Kries pointed out that Duffey probably doesn’t really want to be part of this same-sex marriage fight but the 11th Circuit Court, which granted marriages to begin this week in Florida, and the Supreme Court, are sending strong messages that they do not support same-sex marriage bans.

“It seems to me he is a conservative and isn’t really looking to go out of way to make any kind of ruling,” Kreis said. “But he is also not a stupid man. The 11th Circuit Court [Georgia is part of the 11th Circuit] by allowing marriages to continue to go forward in Florida sent him a strong message that it will not uphold the ban.. he has the 11th Circuit Court breathing down his back a bit and the Supreme Court has really signaled it is not wanting to uphold bans.”

Georgia Equality issued a statement tonight congratulating Lambda Legal and the plaintiffs.

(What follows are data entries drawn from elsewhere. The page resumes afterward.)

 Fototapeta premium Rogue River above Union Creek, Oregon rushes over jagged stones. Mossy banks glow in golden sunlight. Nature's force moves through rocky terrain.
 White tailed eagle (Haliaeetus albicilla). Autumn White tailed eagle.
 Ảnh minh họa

“We congratulate our colleagues at Lambda Legal on their great work and success in this case, and look forward to working toward continued success together” said Jeff Graham, executive director of Georgia Equality. “While this in no way indicates the judge’s opinion on same-sex marriage, it is encouraging that even one of the more conservative judges in the district is unwilling to accept the state’s tired claim, based on no evidence, that opposite sex couples are better for children.”

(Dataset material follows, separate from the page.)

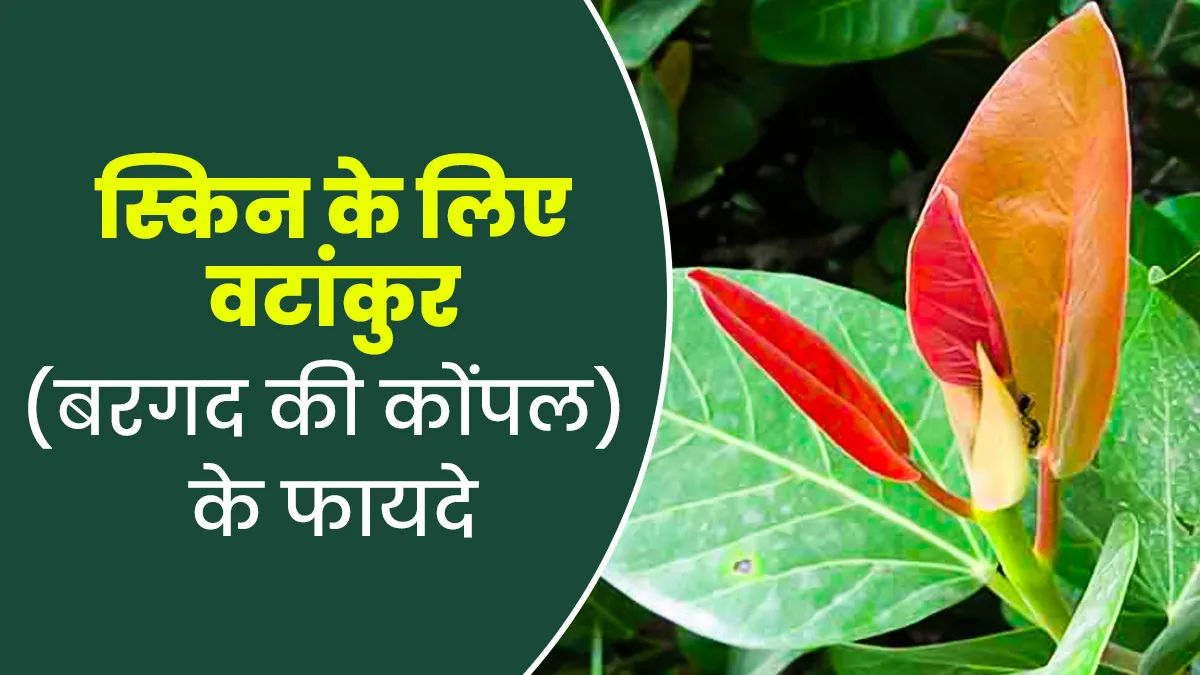 वटांकुर (बरगद की कोंपल) से पाएं बेदाग और ग्लोइंग त्वचा, जानें आयुर्वेदिक फायदे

Tara Borelli, also a senior attorney with Lambda Legal, added her excitement over Thursday’s decision by Judge Duffey.

“We are delighted that the Court will allow this case to continue,” Borelli, said in a press release. “We look forward to our day in court to demonstrate Georgia’s marriage ban is unconstitutional and relegates the state’s same-sex couples to a second-class status that keeps them and their families vulnerable.

“Today, after the blizzard of rulings over the last few months, Georgia now finds itself in the minority of states continuing to enforce these discriminatory marriage bans.” she added. “Surely, Georgia state officials must see the writing on the wall. Georgians believe in the Southern values of love, honor and family, but as long as the State of Georgia continues to bar same-sex couples from marriage, it devalues these families and reinforces unfairness and discrimination. These families need marriage equality and should not have to live with a law that treats them as inferior.”

Friday is a big day in the same-sex marriage movement. A panel of judges in New Orleans will hear arguments on marriage bans in Texas, Louisiana and Mississippi in the 5th Circuit Court of Appeals. Also, the U.S. Supreme Court meets to decide if it will hear any same-sex marriage cases.

UPDATE: Attorney General Olens issued a statement on the Duffey’s ruling: “The District Court issued a preliminary ruling on a motion to dismiss on a pressing legal issue working its way through the higher courts. We look forward to further clarification regarding the ability of states to decide these questions. The United States Supreme Court has an opportunity to review this issue and will likely announce its intent in the coming weeks. There are other cases pending in front of the 11th Circuit that will provide a similar opportunity. As the issue remains pending, the office will continue to pursue its constitutional obligation to defend the laws as passed by the legislature and the citizens of the state of Georgia.”